MOSCOW, October 22 (RAPSI) – Ludmila Alexeeva, a founding member of the Moscow Helsinki Group and well-known human rights activist, told RIA Novosti on Wednesday that closing the human rights organization Memorial at the request of the Justice Ministry would jolt the world.

The Supreme Court will hear a lawsuit filed by the Justice Ministry to shut down the Russian historical, educational, human rights and charitable society, Memorial, which includes dozens of NGOs across Russia, on November 13. The ministry has questions about the organization’s structure and claims to have evidence that it has regularly violated the law.

“When I heard this terrible news, that they planned to shut down Memorial, I said this was madness and that I believe it won’t happen,” Alexeeva told RIA Novosti. She said that closing this human rights organization would provoke a loud international outcry.

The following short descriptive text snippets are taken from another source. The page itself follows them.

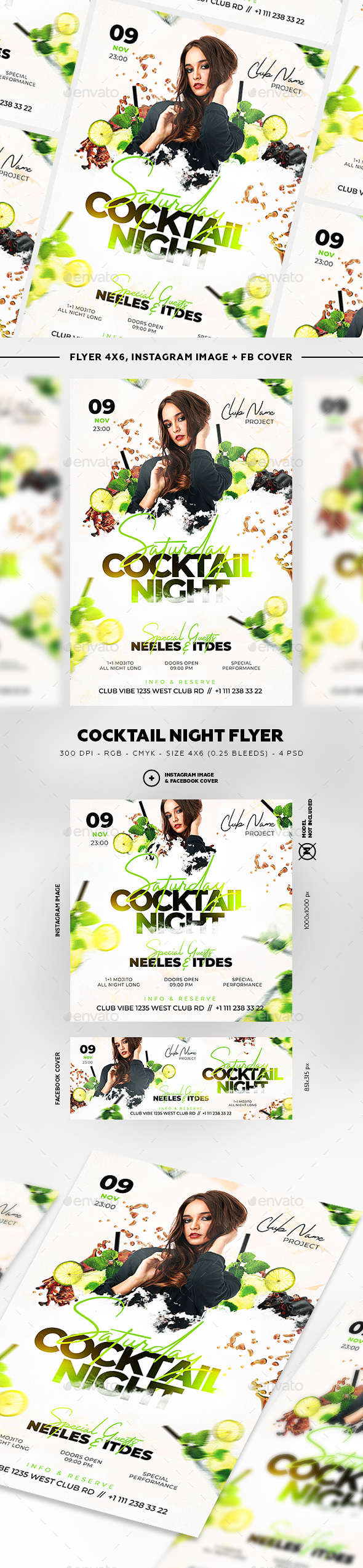 时尚鸡尾酒晚宴宣传海报模板 Cocktail Night Flyer [psd]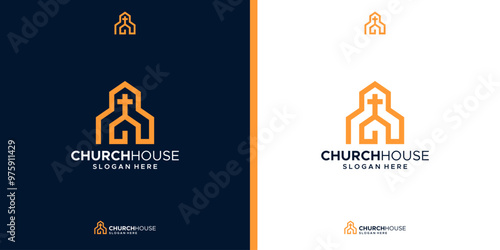 Creative church house building logo design vector.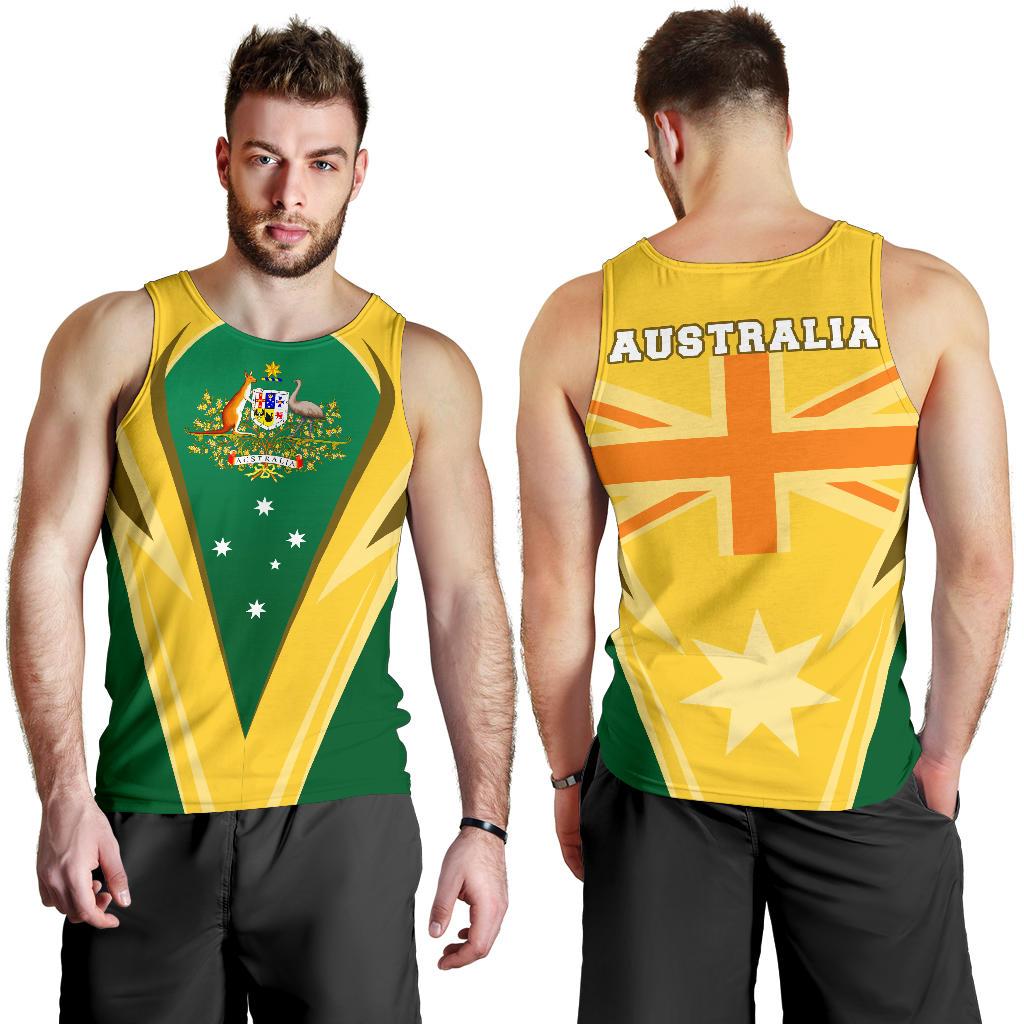 Men Tank Top - Australian Coat Of Arms Mens Tank Flag National Colors - Vibe Hoodie Shop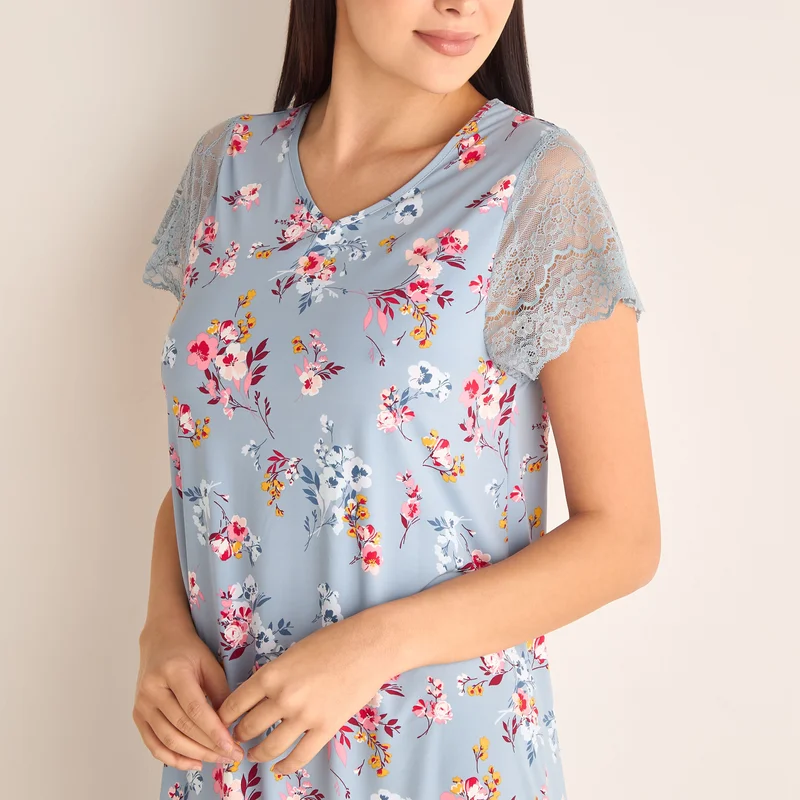 Splash FAV Floral Print Sleepshirt with Short Sleeves and V-neck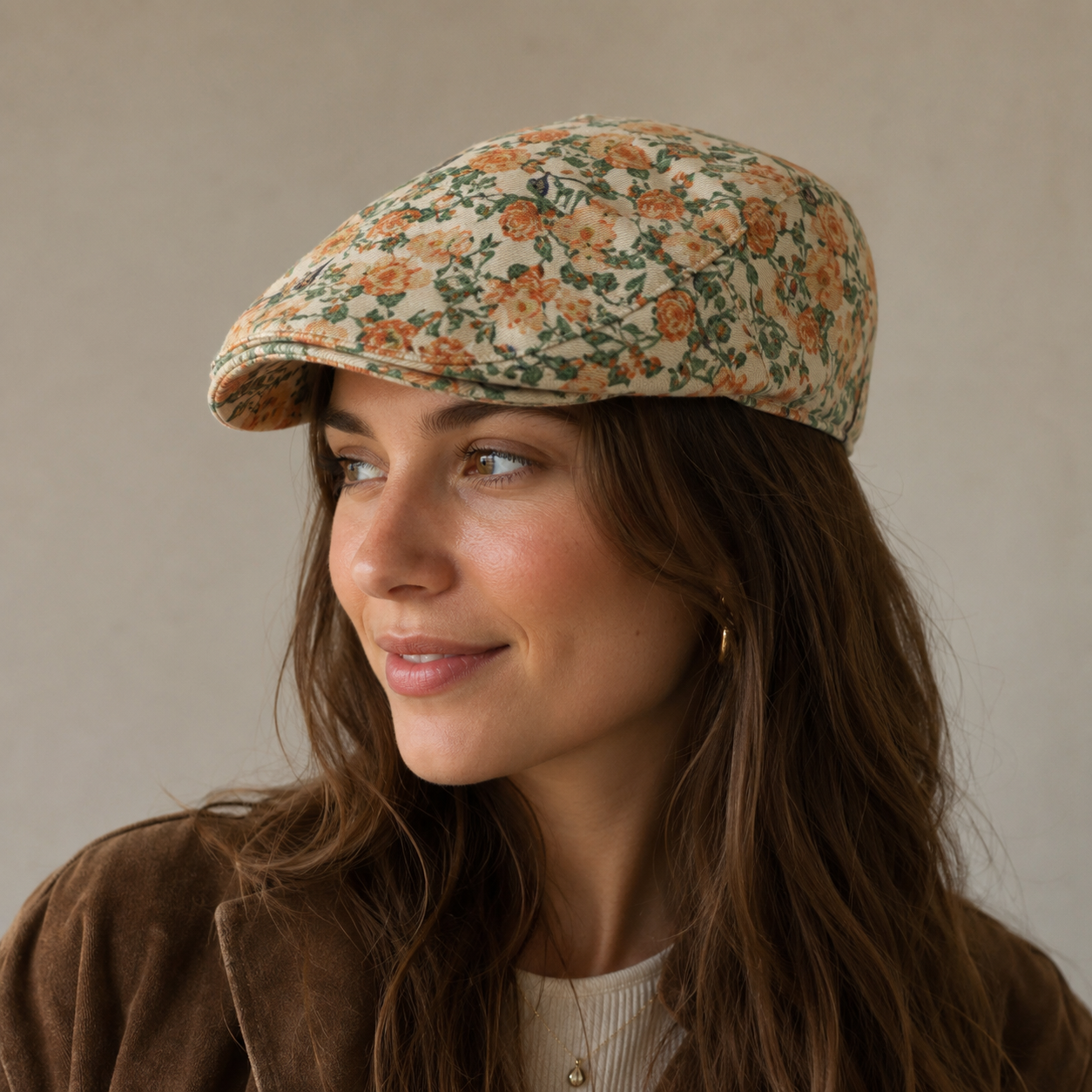 Orange Flat Cap – Adjustable Cotton Daisy Pattern Hat for Men & Women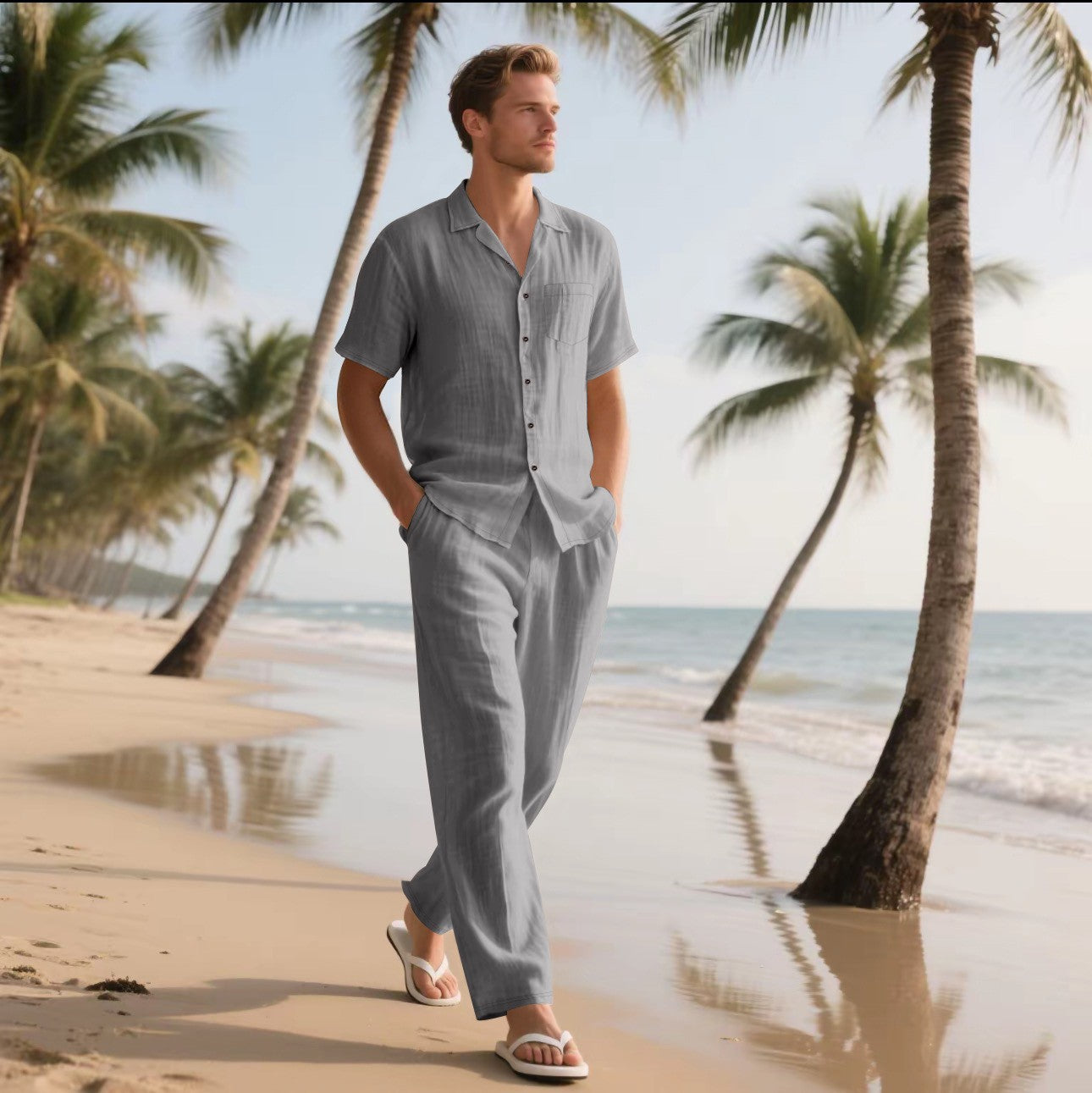 Men's Linen Short Sleeve Shirt and Trousers Set Grey XXXL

“I’m not exaggerating, because Memorial has an international reputation and respect,” she said. “If they attempt to shut it down, it will be an international shock.”

The president of the European Parliament, Martin Schulz, has written a letter to the Russian government, asking not to shut down Memorial.

Ludmila Alexeeva, 87, recalled that Memorial, Memorial chairman Sergei Kovalyov, and chairman of the Memorial Center, the part of Memorial that monitors the human rights situation in the North Caucasus, were awarded the European Parliament’s Sakharov Prize for the freedom of thought.

One of Memorial’s declared goals is to help rehabilitate the victims of Stalinist persecution campaigns. It also includes the Memorial Center, which monitors the human rights situation in the North Caucasus and is on the foreign agents register.

A federal law was adopted in November 2012 requiring all NGOs engaged in political activity and receiving foreign funding to register as “foreign agents” or face fines of up to 500,000 rubles (approx. $14,200).